=== Section Start ===
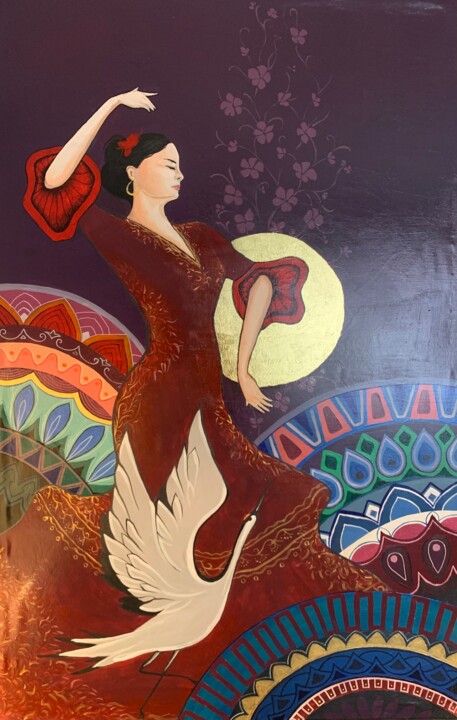 绘画 标题为“Let;s Danse” 由Azad Rustamov, 原创艺术品, 丙烯 安装在木质担架架上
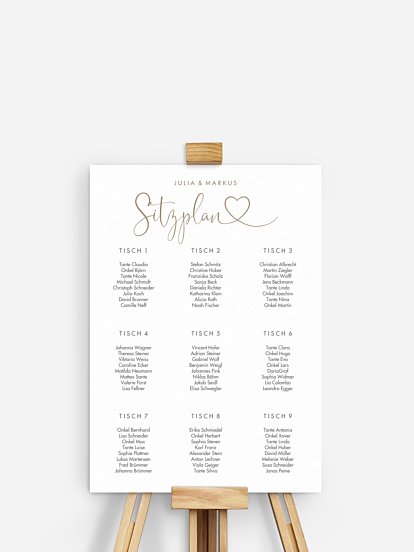 Sitzplan Plakat Herzglück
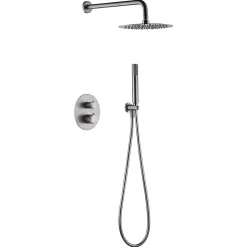 Ensemble de douche TOUCHER à encastrer - Mitigeur thermostatique Nickel brossé Ensemble encastré douchette + tête de douche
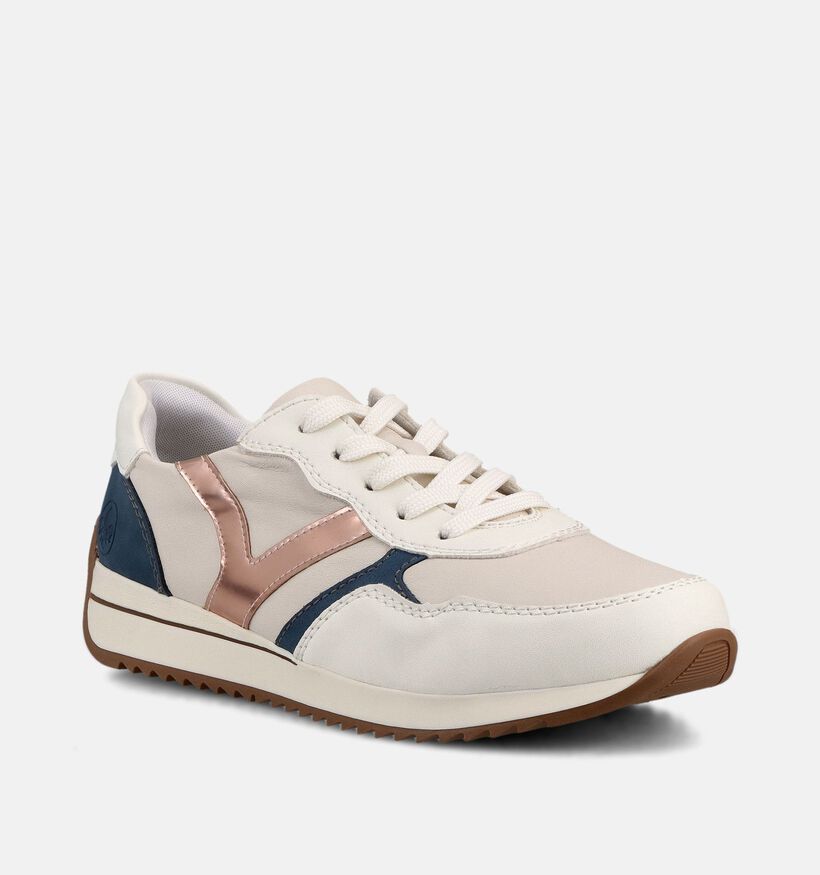 Rieker Ecru Veterschoenen voor dames (370425) - geschikt voor steunzolen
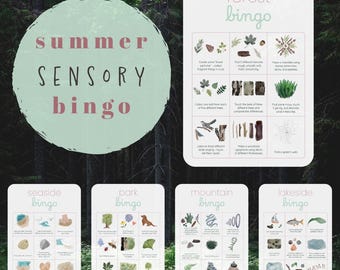 Bingo sensoriale all'aperto per bambini: caccia al tesoro nella natura, 5 schede di attività estive stampabili.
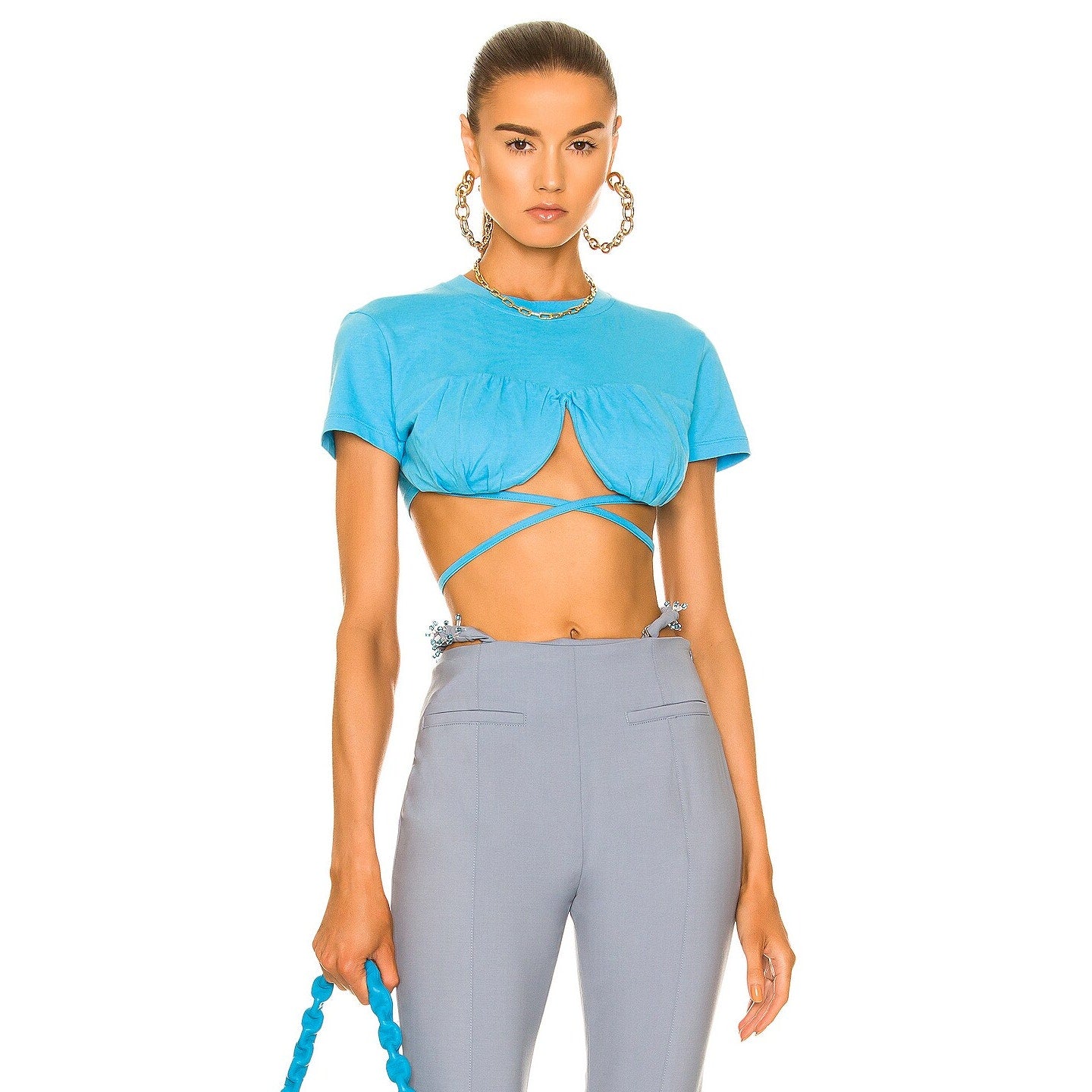 Jacquemus Cotton Crew Neck Short Sleeve Let Baci T-shirt Blue Women's Size XS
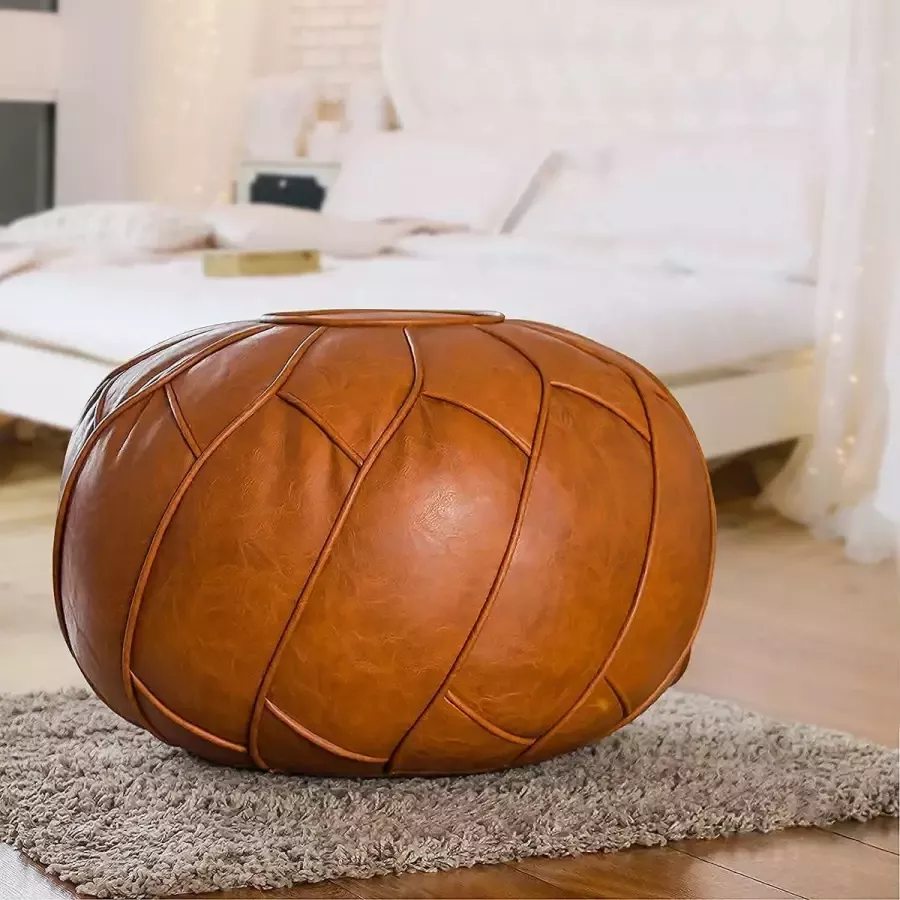 WWZ Poefs & Kussens Ongevulde handgemaakte hoogwaardige PU kunstleren kussenhoezen voetenbankjes ronde meubels zitzakken Ottomaanse Rijk(leeg en nieuw)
=== Section End ===
» **Work instruction**
Give back the material above exactly, without pictures.

» **Answer to this task**
 绘画 标题为“Let;s Danse” 由Azad Rustamov, 原创艺术品, 丙烯 安装在木质担架架上
 Sitzplan Plakat Herzglück
 Ensemble de douche TOUCHER à encastrer - Mitigeur thermostatique Nickel brossé Ensemble encastré douchette + tête de douche
 Rieker Ecru Veterschoenen voor dames (370425) - geschikt voor steunzolen
 Bingo sensoriale all'aperto per bambini: caccia al tesoro nella natura, 5 schede di attività estive stampabili.
 Jacquemus Cotton Crew Neck Short Sleeve Let Baci T-shirt Blue Women's Size XS
 WWZ Poefs & Kussens Ongevulde handgemaakte hoogwaardige PU kunstleren kussenhoezen voetenbankjes ronde meubels zitzakken Ottomaanse Rijk(leeg en nieuw)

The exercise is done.